■ **Exercise details**: Look for the line containing "Balance Yin Yang" and the line containing "Australian property market" in the entries below. Copy those two and all lines between them exactly, leaving out pictures.

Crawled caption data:
- Opening Delimiter -

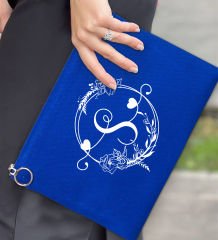 BK Gİft Kişiye Özel Harfli Astarlı Mavi Portföy Çanta 30x21cm, Baskılı El Çantası, Organizer Çanta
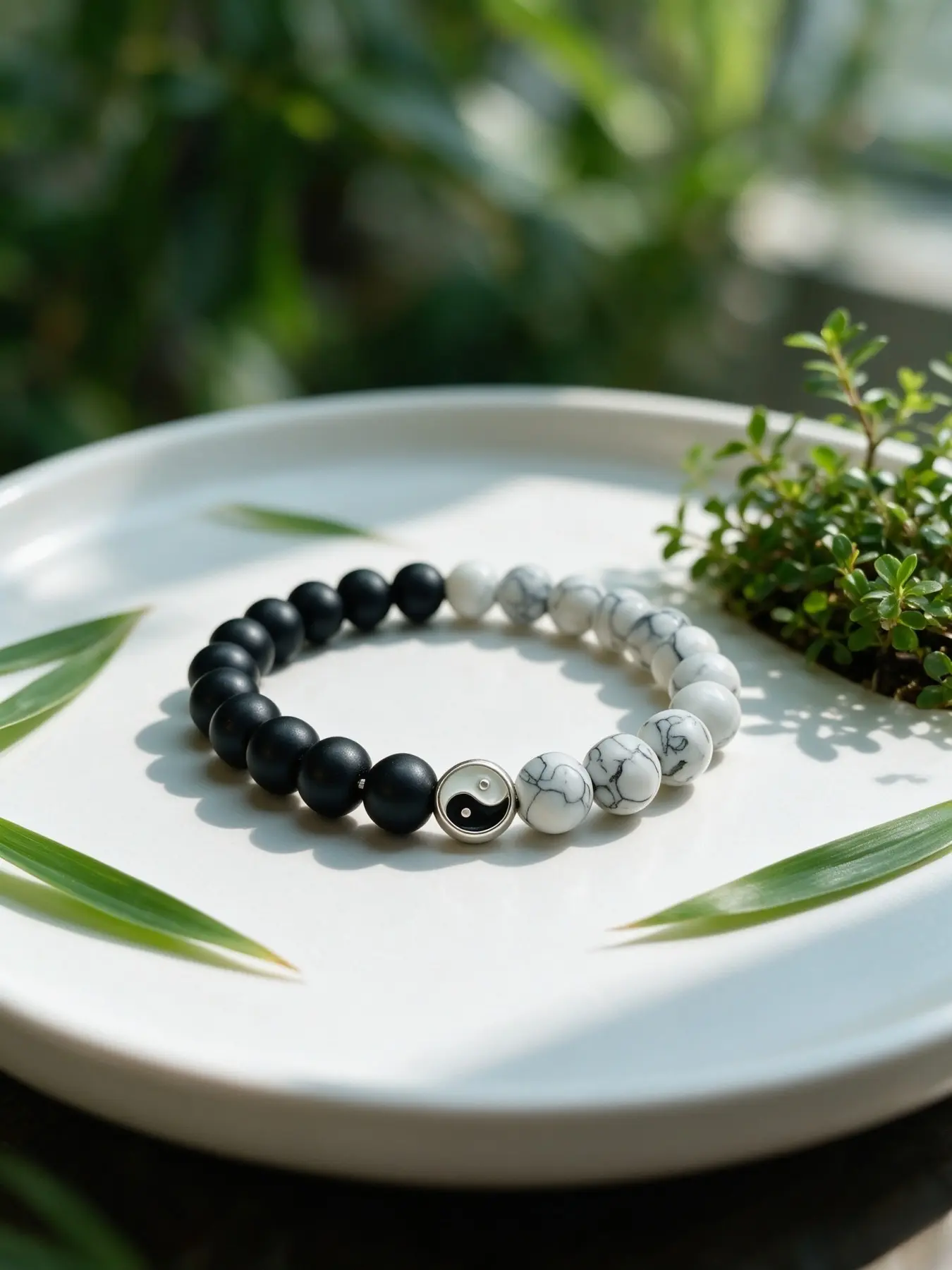 Balance Yin Yang Tai Chi Black Matte Onyx & White Howlite Beaded Bracelet, Exquisite Bracelet, Oriental Zen Spiritual Jewelry for Balanced Energy, Yin Yang Harmony & Deep Inner Peace, Pairs With Casual Daily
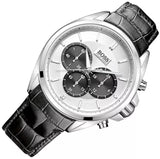 Hugo Boss Driver Chronograph Quartz Silver Dial Black Leather Strap Watch For Men - 1512880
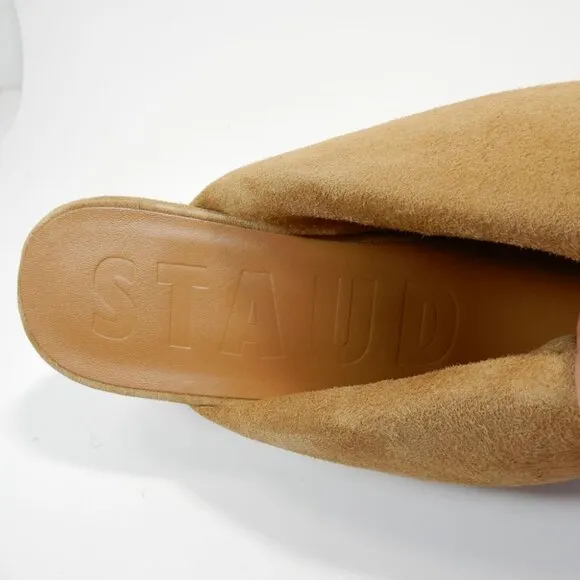 STAUD Dahlia Espadrille Wedge Sandals Size 39 9 Camel Suede Leather NEW $395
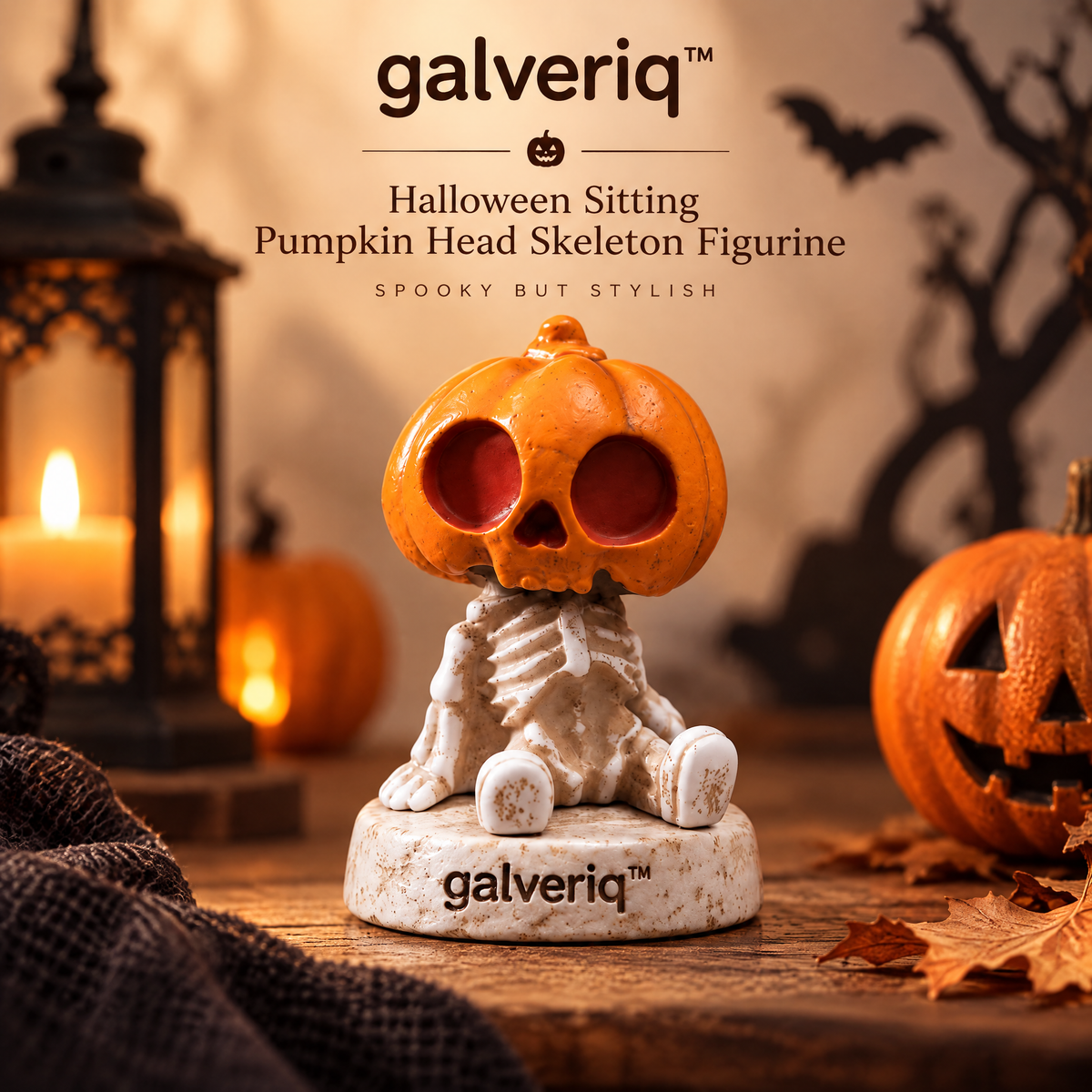galveriq™ Halloween Sitting Pumpkin Head Skeleton Figurine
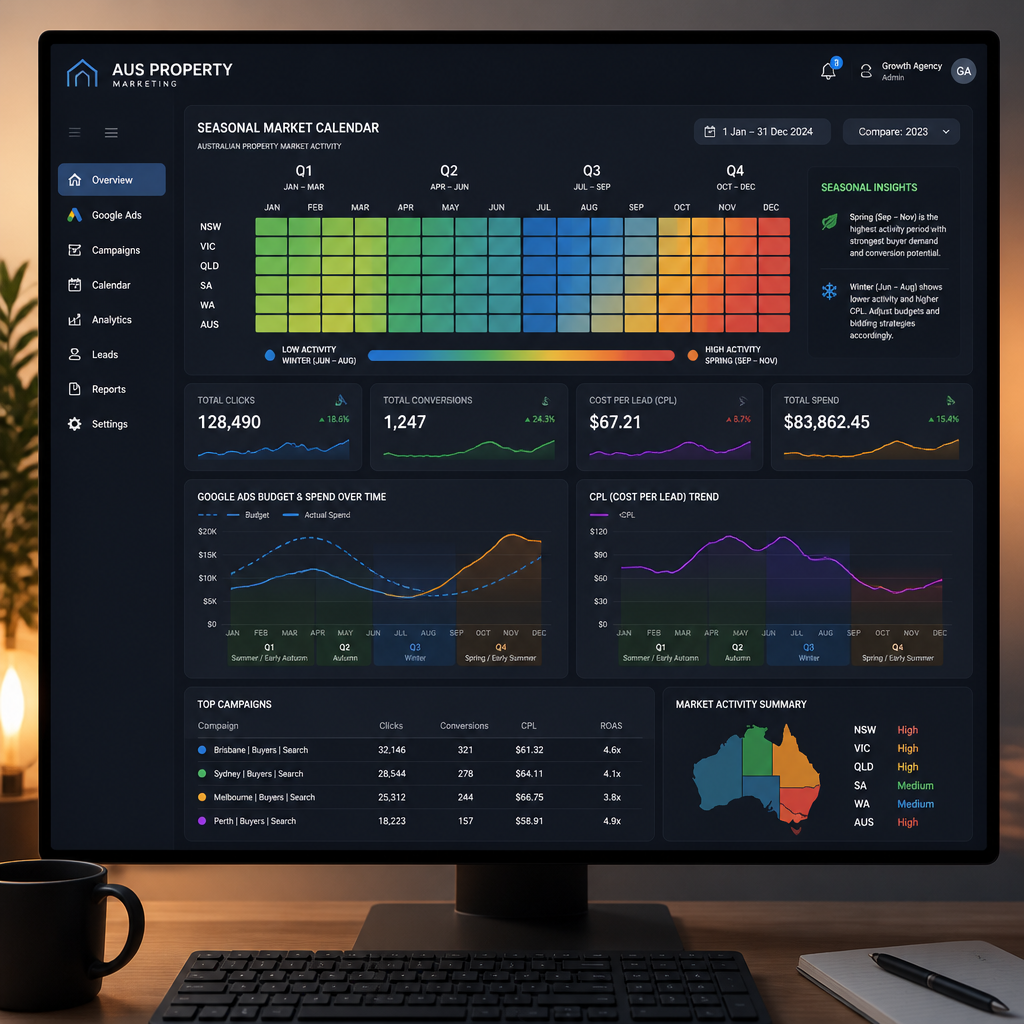 Australian property market seasonal cycle dashboard showing quarterly Google Ads performance metrics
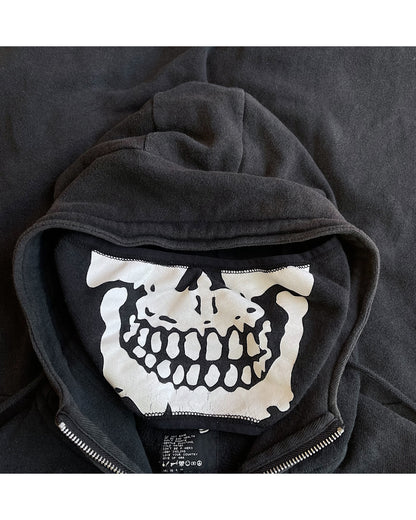 PPFM 2000s Skull Mask Zip-Up Sweatshirt Hoodie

- Closing Delimiter -

■ **Response**:
 Balance Yin Yang Tai Chi Black Matte Onyx & White Howlite Beaded Bracelet, Exquisite Bracelet, Oriental Zen Spiritual Jewelry for Balanced Energy, Yin Yang Harmony & Deep Inner Peace, Pairs With Casual Daily
 Hugo Boss Driver Chronograph Quartz Silver Dial Black Leather Strap Watch For Men - 1512880
 STAUD Dahlia Espadrille Wedge Sandals Size 39 9 Camel Suede Leather NEW $395
galveriq™ Halloween Sitting Pumpkin Head Skeleton Figurine
 Australian property market seasonal cycle dashboard showing quarterly Google Ads performance metrics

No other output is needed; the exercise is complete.